___ Data to process ___

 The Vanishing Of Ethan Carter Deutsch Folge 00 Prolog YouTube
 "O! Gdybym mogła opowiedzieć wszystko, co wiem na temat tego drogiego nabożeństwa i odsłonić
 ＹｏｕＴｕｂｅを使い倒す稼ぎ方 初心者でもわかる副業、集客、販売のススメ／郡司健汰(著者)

___
___ Data to process ___

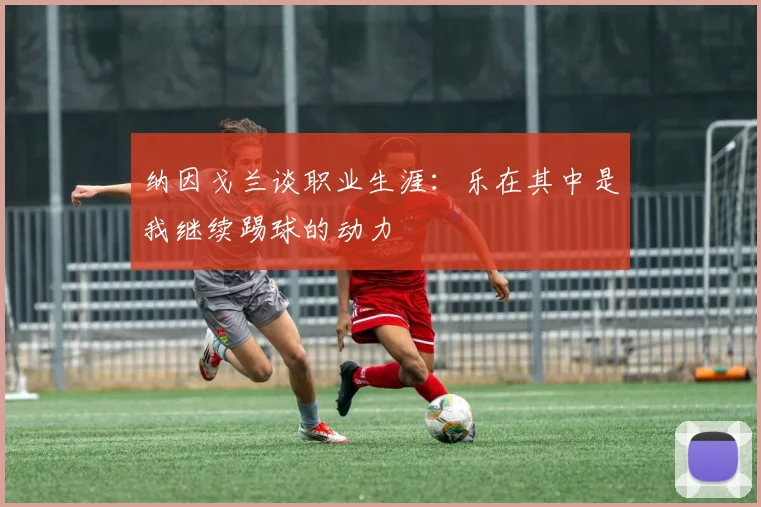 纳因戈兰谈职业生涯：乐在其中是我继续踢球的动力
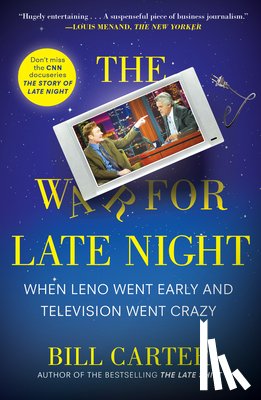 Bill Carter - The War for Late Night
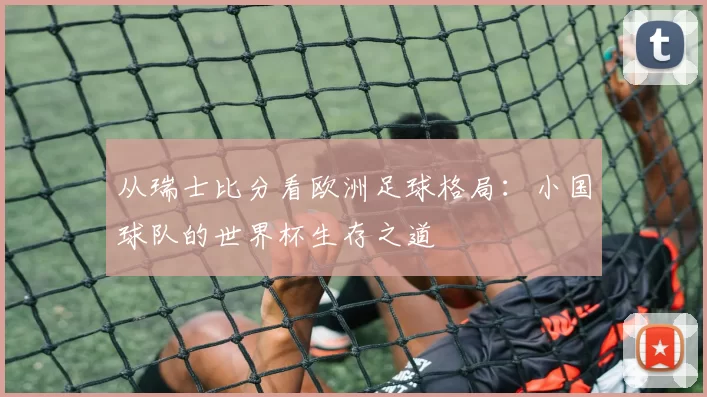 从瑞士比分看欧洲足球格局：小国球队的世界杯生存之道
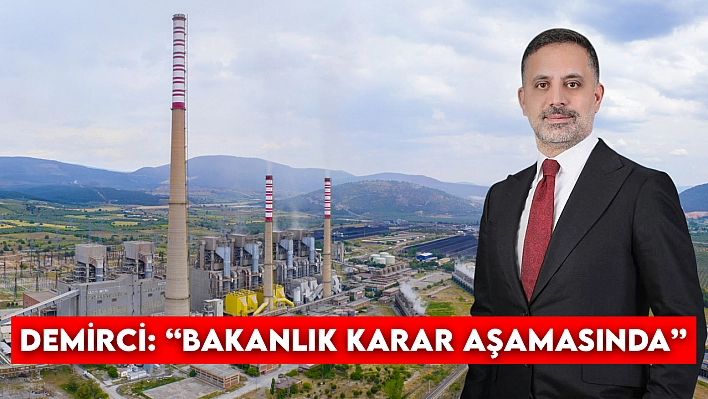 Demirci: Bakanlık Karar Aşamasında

___
___ Data to process ___

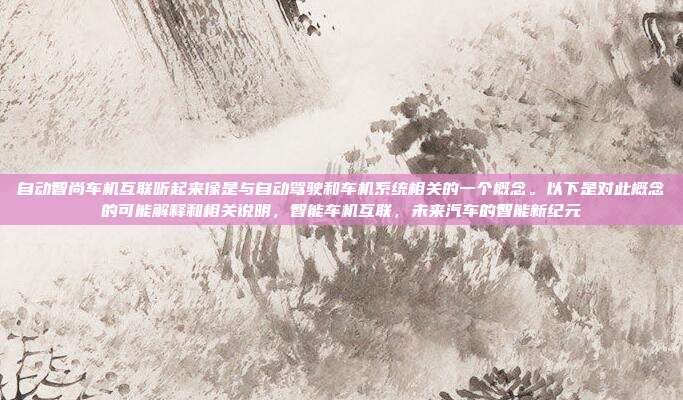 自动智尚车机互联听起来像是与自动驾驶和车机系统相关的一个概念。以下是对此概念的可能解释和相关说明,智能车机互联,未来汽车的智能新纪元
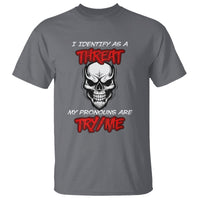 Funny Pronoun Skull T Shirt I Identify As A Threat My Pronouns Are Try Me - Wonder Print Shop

___

• **Exercise goal**: Beginning at the line above that contains "Bill Carter - The War for Late Night", repeat each line exactly through the one that contains "Demirci: Bakanlık Karar Aşamasında", and leave out the pictures.

• **Answer section**:
 Bill Carter - The War for Late Night
 从瑞士比分看欧洲足球格局：小国球队的世界杯生存之道
 Demirci: Bakanlık Karar Aşamasında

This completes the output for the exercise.